┌──

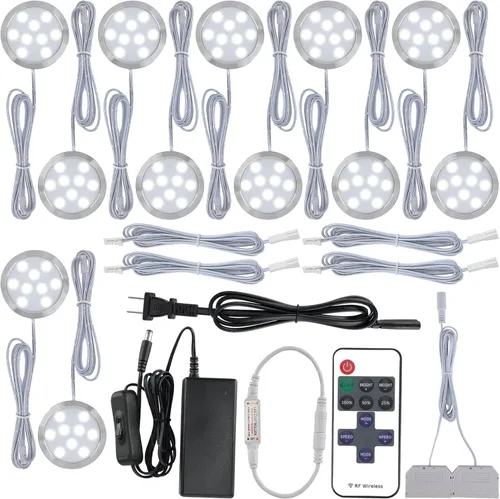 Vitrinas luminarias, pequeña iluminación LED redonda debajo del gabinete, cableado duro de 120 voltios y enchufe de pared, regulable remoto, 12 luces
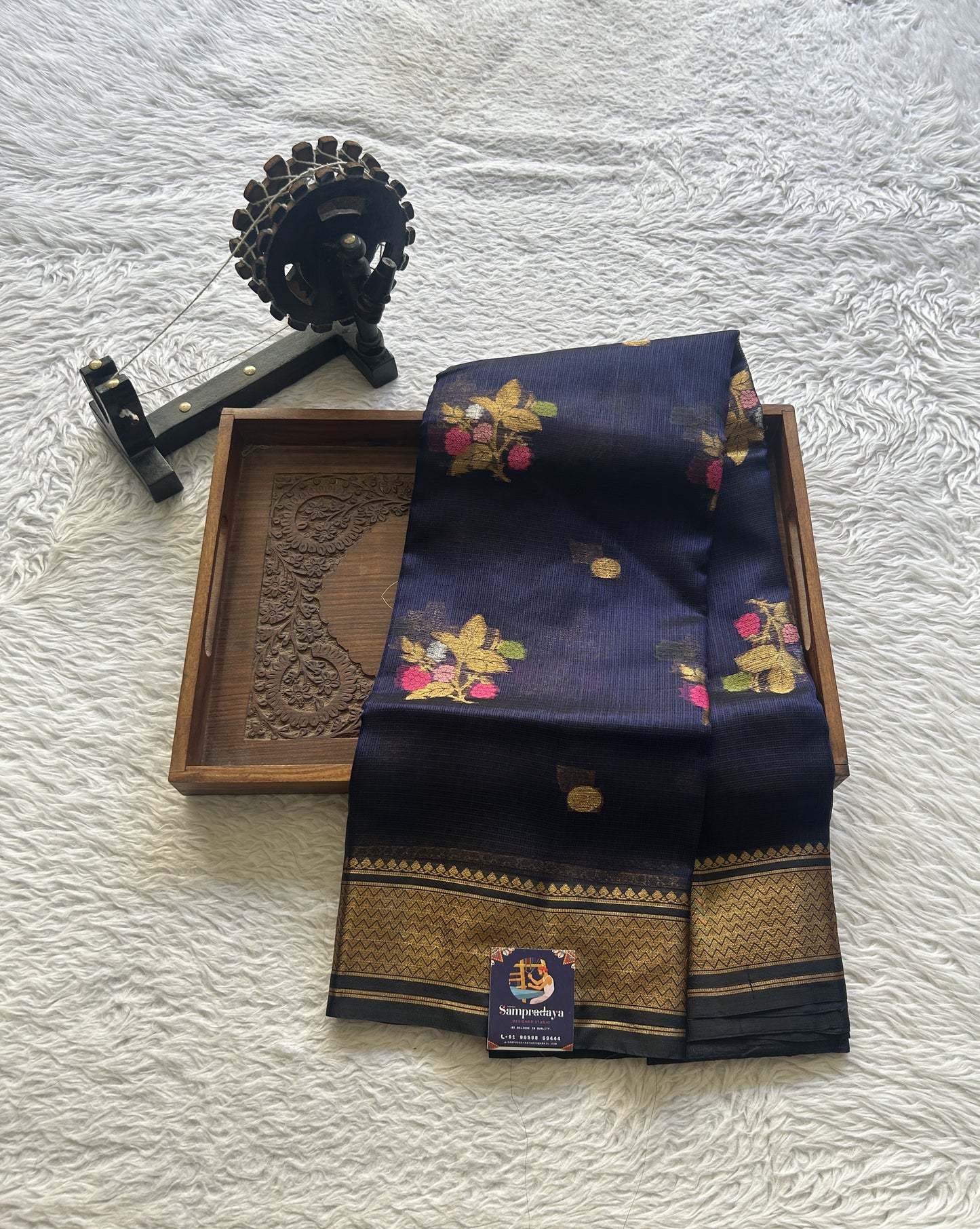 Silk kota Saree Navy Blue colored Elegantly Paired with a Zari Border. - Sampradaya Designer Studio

└──
┌──

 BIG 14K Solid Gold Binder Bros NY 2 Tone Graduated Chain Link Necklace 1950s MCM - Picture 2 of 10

└──
┌──

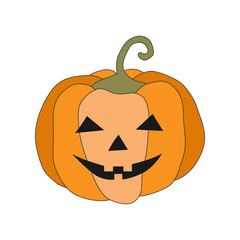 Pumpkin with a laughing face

└──

» To do: A verbatim reproduction is expected: starting at the line above that has "Vitrinas luminarias, pequeña", ending at the line that has "Silk kota Saree", both included, and with no pictures and no other lines.

» Answer to this problem:
 Vitrinas luminarias, pequeña iluminación LED redonda debajo del gabinete, cableado duro de 120 voltios y enchufe de pared, regulable remoto, 12 luces
 Silk kota Saree Navy Blue colored Elegantly Paired with a Zari Border. - Sampradaya Designer Studio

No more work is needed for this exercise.